If you think you would like to make an appointment with a counsellor or therapist, here are some things to consider.

What kind of training and experience have they had? What kind of qualifications do they have?
There are many different counselling approaches and types of training that can be taken to become a counsellor. Experience too is important. A psychologist, for example, may not have any experience undertaking professional counselling as this is not always included in university training. Generally speaking, the longer a counsellor has been practising, the more experienced they will be. It is also worth considering whether the experience is relevant to your situation. Someone who has worked a lot with small children and their parents may not have had much to do with adults questioning their sexuality.
Also, while training, qualifications and experience are important, the more degrees and university courses a person has done doesn't necessarily make them someone you want to meet with on a regular basis. Think about your own values and whether these are likely to be respected by the practitioner.

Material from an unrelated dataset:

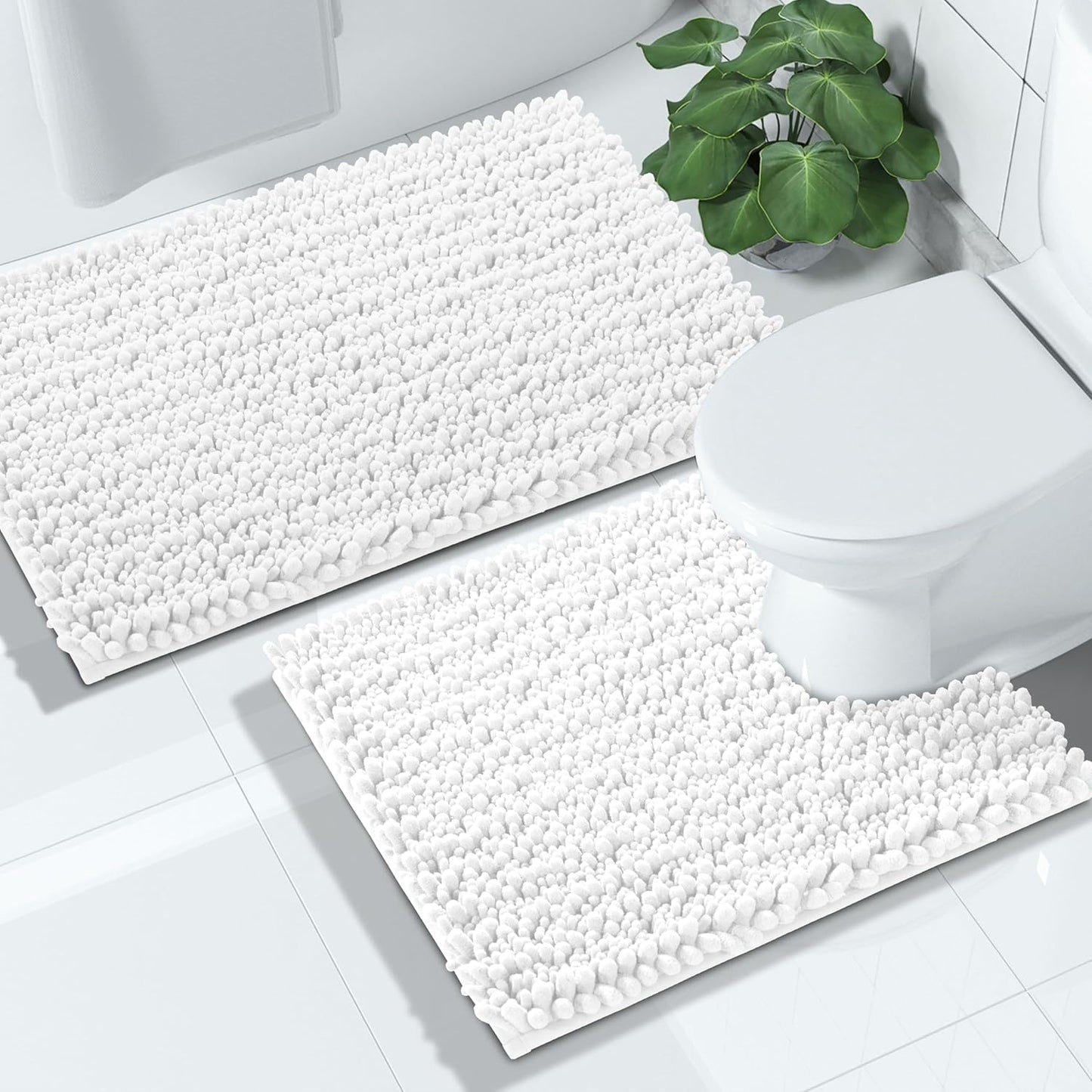 Yimobra Bathroom Rugs Sets 2 Piece - Quick Dry Extra Thick Luxury Chenille Bath Mat, Non Slip Super Absorbent for Tub Shower Sink, Machine Washable Shaggy Floor Mat, 24"x17+24"x20" Inch, White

Are they a member of a professional association or organisation with a code of ethics?
Professional associations generally require their members maintain accountability for the way they practice. They may require members to constantly improve their knowledge and skills through professional development courses as part of their accreditation standards. Some associations provide their members with insurance. Your counsellor should have appropriate professional indemnity and public liability insurance for the work they are doing.

Do they have a 'supervisor'?
Supervision for counsellors and therapists is not the same as supervision in a management situation. It means something completely different. It is about ensuring the practitioner is taking care of their own well-being and helps to ensure their integrity. Counsellors and therapists in private practice will generally be paying for private supervision from a more or equally experienced person. Those who work for organisations will often have a clinical supervisor who is separate to their line manage. If the counsellor does not receive supervision from a more experienced practitioner, or peer-supervision, they should probably be avoided.

Would you feel more comfortable with someone of the same gender, sexuality or cultural background?

While, by virtue of their profession, counsellors and therapists should maintain the highest standards of confidentiality and respect for the people who consult with them, it may feel more comfortable for you to meet with someone with similar experiences. Don't be afraid to ask questions of the person before the session or decide not to proceed if you are unsure.